ABOUT THIS EXERCISE — Write out once more the lines running from the top of the entries below to the line with "اتاق استاندارد چهار", both ends included.

Extracted records:
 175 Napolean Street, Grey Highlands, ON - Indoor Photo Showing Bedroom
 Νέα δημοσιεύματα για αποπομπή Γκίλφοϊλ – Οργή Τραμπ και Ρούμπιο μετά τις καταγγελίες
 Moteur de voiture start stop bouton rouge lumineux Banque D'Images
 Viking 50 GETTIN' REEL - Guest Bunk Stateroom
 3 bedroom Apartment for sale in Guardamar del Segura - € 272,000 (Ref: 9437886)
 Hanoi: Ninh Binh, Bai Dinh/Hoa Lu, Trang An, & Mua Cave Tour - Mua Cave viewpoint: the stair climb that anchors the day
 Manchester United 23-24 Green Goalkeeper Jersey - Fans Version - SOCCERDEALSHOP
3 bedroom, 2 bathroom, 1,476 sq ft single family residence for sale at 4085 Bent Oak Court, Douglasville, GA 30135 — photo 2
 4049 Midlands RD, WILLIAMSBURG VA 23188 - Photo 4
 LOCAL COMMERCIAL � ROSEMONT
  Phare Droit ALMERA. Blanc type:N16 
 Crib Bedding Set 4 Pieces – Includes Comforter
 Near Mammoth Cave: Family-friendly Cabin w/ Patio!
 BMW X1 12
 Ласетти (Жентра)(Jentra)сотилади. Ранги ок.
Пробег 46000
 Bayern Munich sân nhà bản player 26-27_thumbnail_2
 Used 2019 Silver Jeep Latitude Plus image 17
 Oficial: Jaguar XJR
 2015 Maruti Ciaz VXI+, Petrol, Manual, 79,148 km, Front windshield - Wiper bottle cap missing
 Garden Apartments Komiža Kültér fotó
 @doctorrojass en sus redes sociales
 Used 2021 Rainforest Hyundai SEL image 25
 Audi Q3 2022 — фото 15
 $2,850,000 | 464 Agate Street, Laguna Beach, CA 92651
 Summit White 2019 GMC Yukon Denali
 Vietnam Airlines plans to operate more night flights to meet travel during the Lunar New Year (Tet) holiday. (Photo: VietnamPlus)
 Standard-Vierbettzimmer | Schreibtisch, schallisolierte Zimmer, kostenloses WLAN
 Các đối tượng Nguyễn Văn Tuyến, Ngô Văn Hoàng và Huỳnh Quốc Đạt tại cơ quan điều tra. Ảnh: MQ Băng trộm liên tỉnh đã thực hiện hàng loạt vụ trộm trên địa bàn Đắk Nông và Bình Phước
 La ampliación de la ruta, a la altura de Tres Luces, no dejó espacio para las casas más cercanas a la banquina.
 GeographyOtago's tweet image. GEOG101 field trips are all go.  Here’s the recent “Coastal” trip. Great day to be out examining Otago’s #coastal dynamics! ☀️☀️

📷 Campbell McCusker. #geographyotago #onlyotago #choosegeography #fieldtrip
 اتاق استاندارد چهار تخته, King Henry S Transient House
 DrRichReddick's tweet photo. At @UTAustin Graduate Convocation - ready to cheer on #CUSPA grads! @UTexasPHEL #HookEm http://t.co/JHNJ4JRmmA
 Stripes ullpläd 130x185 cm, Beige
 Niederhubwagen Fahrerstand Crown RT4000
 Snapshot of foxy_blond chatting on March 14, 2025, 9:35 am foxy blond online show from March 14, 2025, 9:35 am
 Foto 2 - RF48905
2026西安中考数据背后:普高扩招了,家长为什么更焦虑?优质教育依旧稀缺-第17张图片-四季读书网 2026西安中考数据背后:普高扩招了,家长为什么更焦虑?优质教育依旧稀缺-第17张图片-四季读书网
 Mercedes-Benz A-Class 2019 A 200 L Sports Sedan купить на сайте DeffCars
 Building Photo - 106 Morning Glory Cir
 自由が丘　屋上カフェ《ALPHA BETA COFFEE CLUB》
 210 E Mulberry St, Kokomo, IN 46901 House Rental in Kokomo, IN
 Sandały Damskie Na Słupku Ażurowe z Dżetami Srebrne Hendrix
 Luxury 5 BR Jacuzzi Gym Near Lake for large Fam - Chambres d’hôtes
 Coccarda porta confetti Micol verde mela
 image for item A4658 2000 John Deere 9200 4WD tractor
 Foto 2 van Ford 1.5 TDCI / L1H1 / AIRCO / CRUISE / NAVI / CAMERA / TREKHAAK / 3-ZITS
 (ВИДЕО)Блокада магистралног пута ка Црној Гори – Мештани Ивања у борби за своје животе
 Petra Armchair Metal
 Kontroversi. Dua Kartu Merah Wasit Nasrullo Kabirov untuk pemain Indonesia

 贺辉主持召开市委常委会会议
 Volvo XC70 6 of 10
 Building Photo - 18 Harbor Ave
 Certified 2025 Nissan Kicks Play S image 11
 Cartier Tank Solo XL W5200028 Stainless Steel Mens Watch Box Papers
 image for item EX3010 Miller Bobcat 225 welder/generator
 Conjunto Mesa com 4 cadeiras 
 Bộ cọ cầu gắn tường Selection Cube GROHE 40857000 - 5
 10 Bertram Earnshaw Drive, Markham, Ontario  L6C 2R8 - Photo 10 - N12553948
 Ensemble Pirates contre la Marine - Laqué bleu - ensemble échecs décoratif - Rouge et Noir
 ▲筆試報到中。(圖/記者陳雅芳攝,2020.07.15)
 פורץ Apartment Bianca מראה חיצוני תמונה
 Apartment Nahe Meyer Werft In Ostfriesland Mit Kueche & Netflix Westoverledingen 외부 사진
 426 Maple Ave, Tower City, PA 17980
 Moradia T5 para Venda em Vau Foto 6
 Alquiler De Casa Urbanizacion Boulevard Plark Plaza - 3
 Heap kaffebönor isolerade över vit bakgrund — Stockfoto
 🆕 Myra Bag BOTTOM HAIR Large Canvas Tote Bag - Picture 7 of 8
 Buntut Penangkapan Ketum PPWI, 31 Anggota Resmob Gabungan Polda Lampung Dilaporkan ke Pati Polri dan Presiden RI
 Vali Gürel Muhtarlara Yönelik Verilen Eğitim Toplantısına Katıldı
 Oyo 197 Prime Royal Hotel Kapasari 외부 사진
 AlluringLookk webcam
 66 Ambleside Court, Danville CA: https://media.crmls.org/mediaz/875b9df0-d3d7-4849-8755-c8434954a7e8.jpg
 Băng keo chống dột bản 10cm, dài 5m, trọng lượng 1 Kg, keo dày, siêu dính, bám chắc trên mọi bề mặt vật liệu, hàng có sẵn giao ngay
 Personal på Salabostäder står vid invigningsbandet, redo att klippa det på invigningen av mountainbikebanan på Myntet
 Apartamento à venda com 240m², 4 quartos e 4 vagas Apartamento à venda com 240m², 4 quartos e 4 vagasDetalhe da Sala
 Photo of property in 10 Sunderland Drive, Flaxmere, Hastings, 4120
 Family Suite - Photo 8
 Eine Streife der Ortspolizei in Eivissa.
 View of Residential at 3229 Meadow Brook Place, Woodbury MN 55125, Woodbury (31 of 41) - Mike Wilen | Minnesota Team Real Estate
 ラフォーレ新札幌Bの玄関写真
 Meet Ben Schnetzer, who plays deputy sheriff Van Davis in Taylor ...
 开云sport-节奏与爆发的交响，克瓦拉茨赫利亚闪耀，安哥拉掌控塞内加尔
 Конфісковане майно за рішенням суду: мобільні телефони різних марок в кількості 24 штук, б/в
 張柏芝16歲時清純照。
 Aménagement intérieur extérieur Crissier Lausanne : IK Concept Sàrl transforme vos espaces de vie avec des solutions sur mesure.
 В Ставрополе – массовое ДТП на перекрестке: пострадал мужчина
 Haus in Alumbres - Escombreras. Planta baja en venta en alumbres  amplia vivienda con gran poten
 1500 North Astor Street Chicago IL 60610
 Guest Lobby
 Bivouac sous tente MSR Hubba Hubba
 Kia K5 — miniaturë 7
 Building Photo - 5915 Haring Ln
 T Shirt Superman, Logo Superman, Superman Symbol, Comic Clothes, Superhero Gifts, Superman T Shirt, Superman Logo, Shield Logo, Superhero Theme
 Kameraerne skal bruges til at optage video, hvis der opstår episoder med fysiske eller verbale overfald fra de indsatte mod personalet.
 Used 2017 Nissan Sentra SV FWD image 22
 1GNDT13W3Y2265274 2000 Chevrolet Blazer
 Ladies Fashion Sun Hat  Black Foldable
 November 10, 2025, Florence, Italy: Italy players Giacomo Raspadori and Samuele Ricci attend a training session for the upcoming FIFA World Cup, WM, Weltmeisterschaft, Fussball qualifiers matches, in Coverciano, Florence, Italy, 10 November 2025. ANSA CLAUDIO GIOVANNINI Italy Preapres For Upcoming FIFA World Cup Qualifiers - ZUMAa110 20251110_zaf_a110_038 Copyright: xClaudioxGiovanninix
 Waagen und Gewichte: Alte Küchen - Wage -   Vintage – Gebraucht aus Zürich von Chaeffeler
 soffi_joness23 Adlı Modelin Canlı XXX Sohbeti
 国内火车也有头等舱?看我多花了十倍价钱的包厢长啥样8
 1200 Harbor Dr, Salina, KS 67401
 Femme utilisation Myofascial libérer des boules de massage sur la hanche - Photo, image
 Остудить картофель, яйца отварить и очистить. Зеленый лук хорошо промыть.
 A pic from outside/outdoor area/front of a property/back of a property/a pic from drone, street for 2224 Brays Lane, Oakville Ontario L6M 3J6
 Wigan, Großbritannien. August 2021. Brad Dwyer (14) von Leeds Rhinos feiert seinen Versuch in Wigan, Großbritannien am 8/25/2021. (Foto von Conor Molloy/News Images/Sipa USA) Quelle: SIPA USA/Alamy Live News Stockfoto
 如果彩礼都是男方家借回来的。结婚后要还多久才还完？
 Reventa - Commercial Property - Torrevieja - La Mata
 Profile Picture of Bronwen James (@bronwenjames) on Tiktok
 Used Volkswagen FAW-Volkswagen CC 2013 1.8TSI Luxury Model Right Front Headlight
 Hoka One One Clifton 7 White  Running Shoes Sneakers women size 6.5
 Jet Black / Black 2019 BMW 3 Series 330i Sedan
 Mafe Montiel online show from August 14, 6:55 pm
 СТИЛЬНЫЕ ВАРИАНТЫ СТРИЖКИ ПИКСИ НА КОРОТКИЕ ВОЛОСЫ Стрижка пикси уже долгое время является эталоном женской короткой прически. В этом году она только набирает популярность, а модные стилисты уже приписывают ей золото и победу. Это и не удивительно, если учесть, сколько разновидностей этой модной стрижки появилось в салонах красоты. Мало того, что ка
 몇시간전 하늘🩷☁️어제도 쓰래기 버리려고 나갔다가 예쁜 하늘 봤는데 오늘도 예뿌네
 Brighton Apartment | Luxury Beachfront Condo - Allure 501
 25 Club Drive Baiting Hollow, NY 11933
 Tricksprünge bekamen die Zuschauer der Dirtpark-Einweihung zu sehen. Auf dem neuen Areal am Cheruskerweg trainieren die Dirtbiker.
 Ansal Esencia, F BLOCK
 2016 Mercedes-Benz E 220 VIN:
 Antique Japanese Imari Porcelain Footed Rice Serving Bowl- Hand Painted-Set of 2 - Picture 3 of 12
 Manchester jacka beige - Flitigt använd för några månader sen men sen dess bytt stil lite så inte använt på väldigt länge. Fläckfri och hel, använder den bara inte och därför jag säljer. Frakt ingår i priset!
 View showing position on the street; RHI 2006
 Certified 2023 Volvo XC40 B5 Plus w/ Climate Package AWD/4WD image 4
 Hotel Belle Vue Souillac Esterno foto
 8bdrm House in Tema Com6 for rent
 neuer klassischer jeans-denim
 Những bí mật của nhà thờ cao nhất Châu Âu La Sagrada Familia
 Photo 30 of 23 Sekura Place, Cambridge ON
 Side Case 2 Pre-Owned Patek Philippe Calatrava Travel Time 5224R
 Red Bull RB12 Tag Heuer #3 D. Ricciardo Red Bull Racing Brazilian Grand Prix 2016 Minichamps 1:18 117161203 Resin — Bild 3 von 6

THE ANSWER —
 175 Napolean Street, Grey Highlands, ON - Indoor Photo Showing Bedroom
 Νέα δημοσιεύματα για αποπομπή Γκίλφοϊλ – Οργή Τραμπ και Ρούμπιο μετά τις καταγγελίες
 Moteur de voiture start stop bouton rouge lumineux Banque D'Images
 Viking 50 GETTIN' REEL - Guest Bunk Stateroom
 3 bedroom Apartment for sale in Guardamar del Segura - € 272,000 (Ref: 9437886)
 Hanoi: Ninh Binh, Bai Dinh/Hoa Lu, Trang An, & Mua Cave Tour - Mua Cave viewpoint: the stair climb that anchors the day
 Manchester United 23-24 Green Goalkeeper Jersey - Fans Version - SOCCERDEALSHOP
3 bedroom, 2 bathroom, 1,476 sq ft single family residence for sale at 4085 Bent Oak Court, Douglasville, GA 30135 — photo 2
 4049 Midlands RD, WILLIAMSBURG VA 23188 - Photo 4
 LOCAL COMMERCIAL � ROSEMONT
  Phare Droit ALMERA. Blanc type:N16 
 Crib Bedding Set 4 Pieces – Includes Comforter
 Near Mammoth Cave: Family-friendly Cabin w/ Patio!
 BMW X1 12
 Ласетти (Жентра)(Jentra)сотилади. Ранги ок.
Пробег 46000
 Bayern Munich sân nhà bản player 26-27_thumbnail_2
 Used 2019 Silver Jeep Latitude Plus image 17
 Oficial: Jaguar XJR
 2015 Maruti Ciaz VXI+, Petrol, Manual, 79,148 km, Front windshield - Wiper bottle cap missing
 Garden Apartments Komiža Kültér fotó
 @doctorrojass en sus redes sociales
 Used 2021 Rainforest Hyundai SEL image 25
 Audi Q3 2022 — фото 15
 $2,850,000 | 464 Agate Street, Laguna Beach, CA 92651
 Summit White 2019 GMC Yukon Denali
 Vietnam Airlines plans to operate more night flights to meet travel during the Lunar New Year (Tet) holiday. (Photo: VietnamPlus)
 Standard-Vierbettzimmer | Schreibtisch, schallisolierte Zimmer, kostenloses WLAN
 Các đối tượng Nguyễn Văn Tuyến, Ngô Văn Hoàng và Huỳnh Quốc Đạt tại cơ quan điều tra. Ảnh: MQ Băng trộm liên tỉnh đã thực hiện hàng loạt vụ trộm trên địa bàn Đắk Nông và Bình Phước
 La ampliación de la ruta, a la altura de Tres Luces, no dejó espacio para las casas más cercanas a la banquina.
 GeographyOtago's tweet image. GEOG101 field trips are all go.  Here’s the recent “Coastal” trip. Great day to be out examining Otago’s #coastal dynamics! ☀️☀️

📷 Campbell McCusker. #geographyotago #onlyotago #choosegeography #fieldtrip
 اتاق استاندارد چهار تخته, King Henry S Transient House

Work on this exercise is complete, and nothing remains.